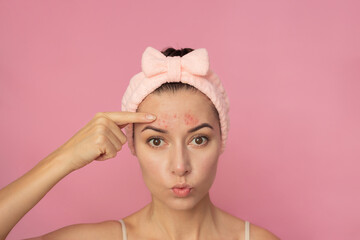 A young Caucasian brunette woman with a pink headband looking at camera and showing the pimples on...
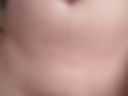 Penis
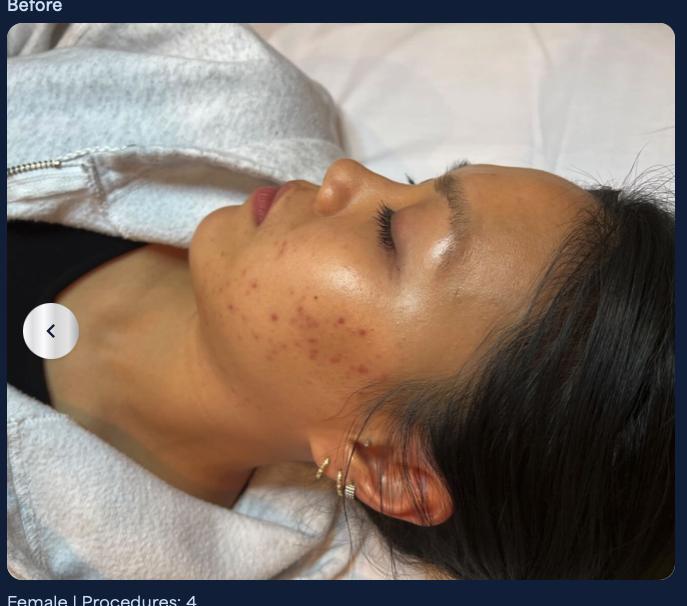 Before microneedling, skin laxity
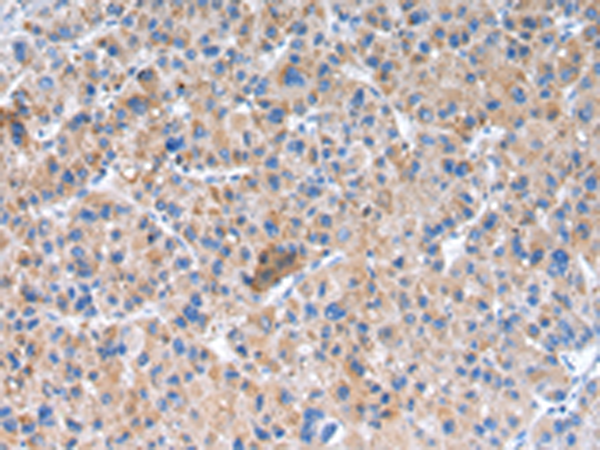 兔抗GLRA1多克隆抗体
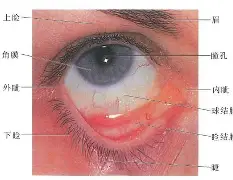 kaiyun-疤痕眼睑退缩图片大全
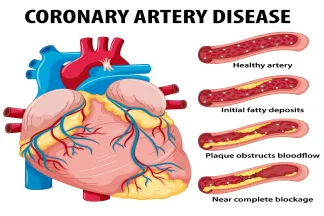 Diagram comparing a healthy artery with arteries progressively narrowed by plaque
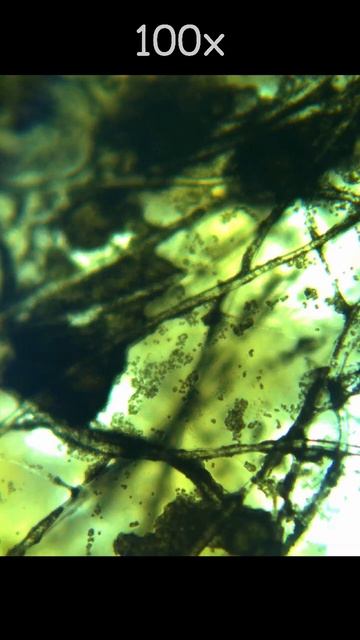 Черная плесень под микроскопом.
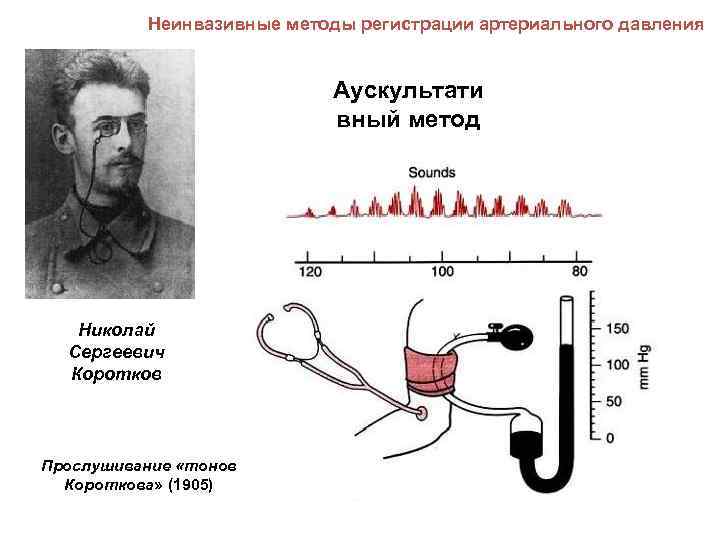 Неинвазивные методы регистрации артериального давления Аускультати вный метод Николай Сергеевич Коротков Прослушивание «тонов Короткова»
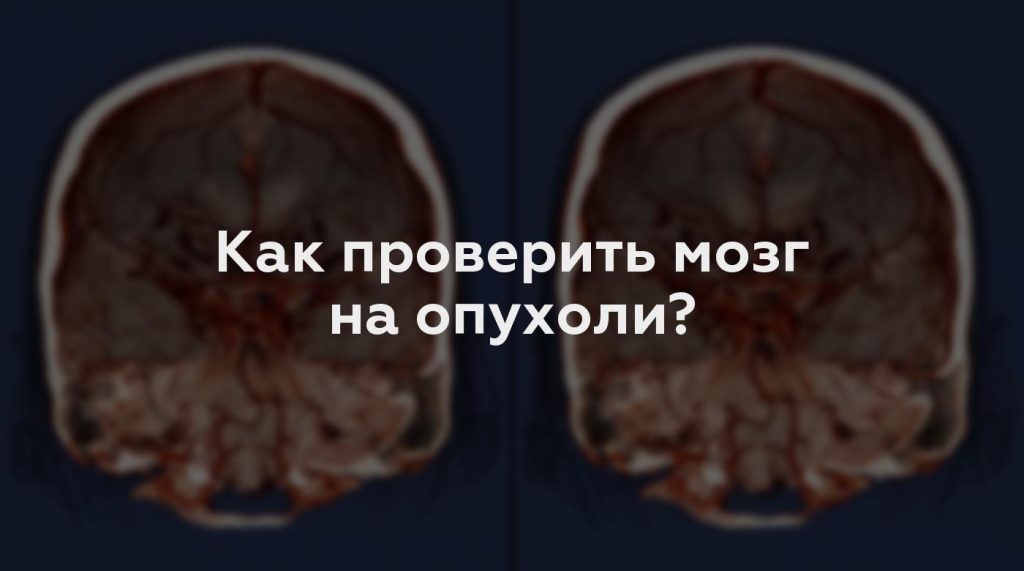 Как проверить мозг на опухоли?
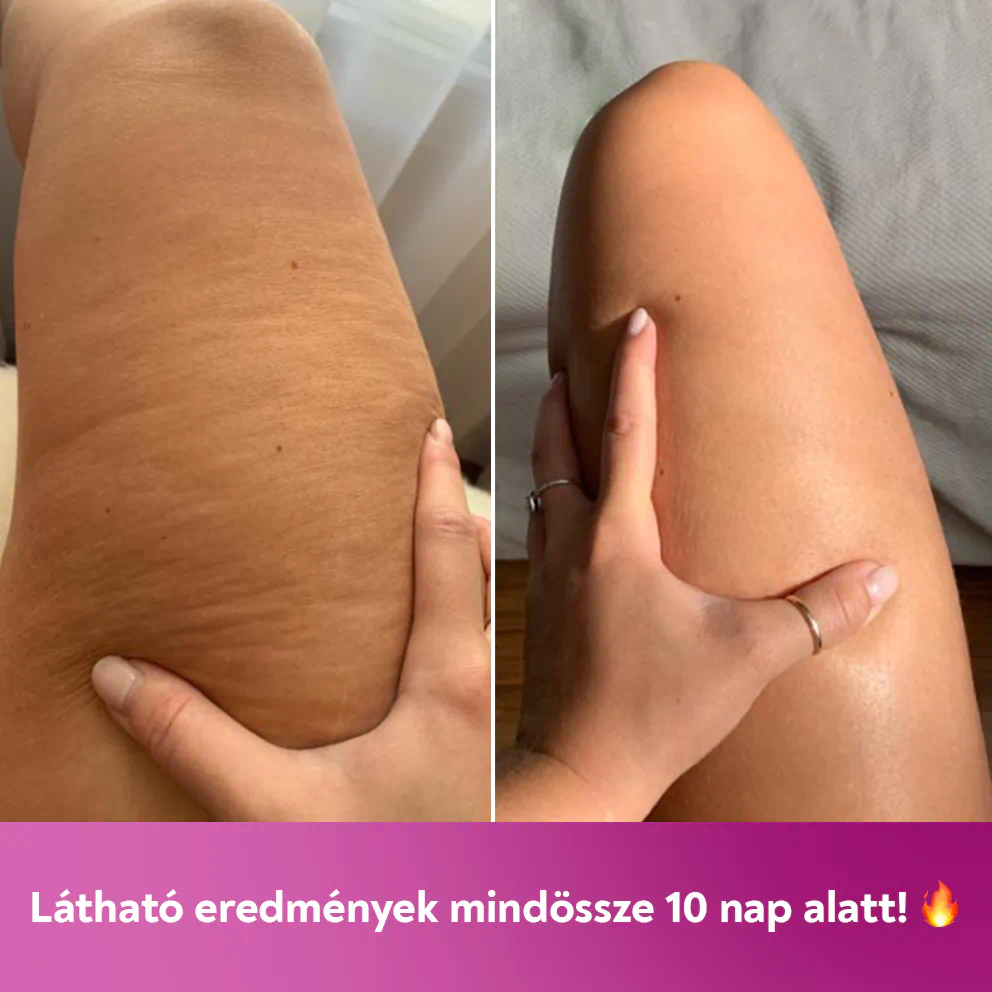 60 napos cellulitisz elleni terápia  + Zsibbasztó spray 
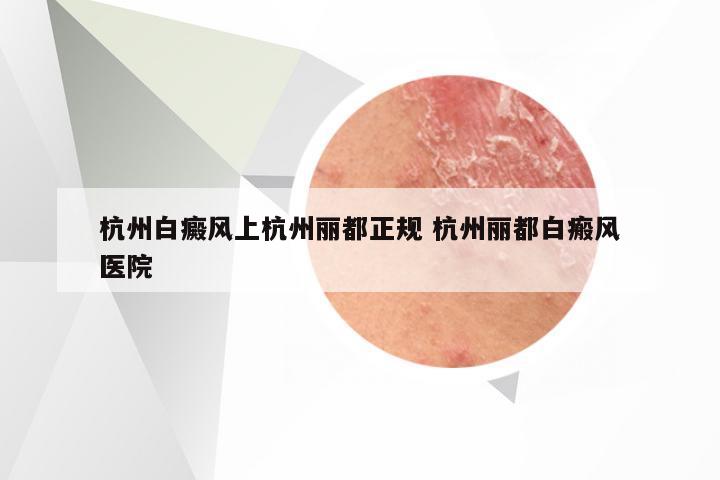 杭州白癜风上杭州丽都正规 杭州丽都白瘢风医院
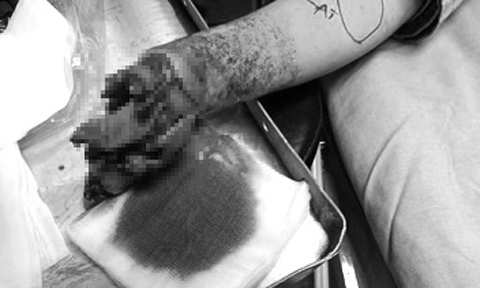 Bé trai 3 tuổi mất tay và mắt do cục sạc điện phát nổ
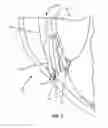 Fig. 02 - METHODS, APPARATUSES, AND SYSTEMS FOR REDUCING INTRAOCULAR PRESSURE AS A MEANS OF PREVENTING OR TREATING OPEN-ANGLE GLAUCOMA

_____

[Work to complete]: Return the listing above word for word, with the pictures removed.

[Written response]:
 A young Caucasian brunette woman with a pink headband looking at camera and showing the pimples on...
 Penis
 Before microneedling, skin laxity
 兔抗GLRA1多克隆抗体
 kaiyun-疤痕眼睑退缩图片大全
 Diagram comparing a healthy artery with arteries progressively narrowed by plaque
 Черная плесень под микроскопом.
 Неинвазивные методы регистрации артериального давления Аускультати вный метод Николай Сергеевич Коротков Прослушивание «тонов Короткова»
 Как проверить мозг на опухоли?
 60 napos cellulitisz elleni terápia  + Zsibbasztó spray 
 杭州白癜风上杭州丽都正规 杭州丽都白瘢风医院
 Bé trai 3 tuổi mất tay và mắt do cục sạc điện phát nổ
 Fig. 02 - METHODS, APPARATUSES, AND SYSTEMS FOR REDUCING INTRAOCULAR PRESSURE AS A MEANS OF PREVENTING OR TREATING OPEN-ANGLE GLAUCOMA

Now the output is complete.